Boost logo

Boost :

Subject: Re: [boost] [UTF String] Feedback on UTF String library, please
From: Marsh Ray (marsh_at_[hidden])
Date: 2011-02-11 15:09:27


On 02/11/2011 11:44 AM, Chad Nelson wrote:
> On Fri, 11 Feb 2011 17:22:50 +0000
> "Phil Endecott"<spam_from_boost_dev_at_[hidden]> wrote:
>
>> For example, you have this "almost" random-access feature that, IIUC,
>> for UTF-8 will give you O(1) random access if you have only ASCII
>> characters and for UTF-16 will give you O(1) random access if you
>> have only BMP characters. That's just horrible! [...]
>
> If you put it that way, you're right.
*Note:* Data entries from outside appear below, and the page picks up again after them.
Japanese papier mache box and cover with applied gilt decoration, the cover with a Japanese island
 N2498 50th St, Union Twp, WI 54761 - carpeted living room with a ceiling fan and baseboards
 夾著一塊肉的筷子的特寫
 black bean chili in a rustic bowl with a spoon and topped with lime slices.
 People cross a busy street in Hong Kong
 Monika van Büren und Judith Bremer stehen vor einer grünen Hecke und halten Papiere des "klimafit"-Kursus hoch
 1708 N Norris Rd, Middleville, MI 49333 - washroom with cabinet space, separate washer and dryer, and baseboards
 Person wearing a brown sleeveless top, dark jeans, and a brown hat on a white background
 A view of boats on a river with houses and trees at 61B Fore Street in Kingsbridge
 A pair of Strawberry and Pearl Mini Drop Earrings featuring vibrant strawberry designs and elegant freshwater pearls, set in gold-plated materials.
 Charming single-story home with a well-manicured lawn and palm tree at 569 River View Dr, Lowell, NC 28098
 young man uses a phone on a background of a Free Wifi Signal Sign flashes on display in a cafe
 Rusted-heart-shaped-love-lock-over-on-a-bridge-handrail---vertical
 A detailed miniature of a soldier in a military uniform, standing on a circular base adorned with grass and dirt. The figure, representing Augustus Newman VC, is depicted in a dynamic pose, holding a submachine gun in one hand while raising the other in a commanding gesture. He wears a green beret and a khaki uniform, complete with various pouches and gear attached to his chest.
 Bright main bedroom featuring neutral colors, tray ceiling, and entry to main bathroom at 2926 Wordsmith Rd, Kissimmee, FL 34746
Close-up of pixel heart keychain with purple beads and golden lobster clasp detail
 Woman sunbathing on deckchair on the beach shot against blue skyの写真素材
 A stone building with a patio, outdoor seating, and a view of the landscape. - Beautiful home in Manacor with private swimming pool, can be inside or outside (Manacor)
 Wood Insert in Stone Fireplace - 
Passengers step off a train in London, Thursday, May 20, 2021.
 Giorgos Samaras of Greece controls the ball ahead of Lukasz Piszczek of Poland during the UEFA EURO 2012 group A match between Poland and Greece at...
I assumed that the developer
> using the library would read the documentation and know that the
> iterators weren't always true random-access, but that assumption
> doesn't stand up to conscious examination.

We've heard this argument against UTF-8 many times. Like many of us,
I've worked with a lot of code to process a lot of text over many years.
I'd like to question this idea that random access to arbitrary character
data is really very relevant.

The difference between O(1) and O(N) isn't significant until N becomes
nontrivial. Which in practical terms probably in the dozens or hundreds
of characters.

So let me ask the question:

Just when is it really valid to want to jump the 278th "abstract
character" in a string?

Seriously, how often do these situations arise?

A guy who's only ever programmed "US ASCII" on a plain text terminal may
think he needs every 80th character in reverse order to get a column
from a screen line or something. But he would be wrong anywhere that
uses controls, compose characters, non-spacing blanks, multibyte, or
whatever.

Some string search and regex algorithms use skip-ahead N, but how often
is N large enough to avoid a whole cache line fill?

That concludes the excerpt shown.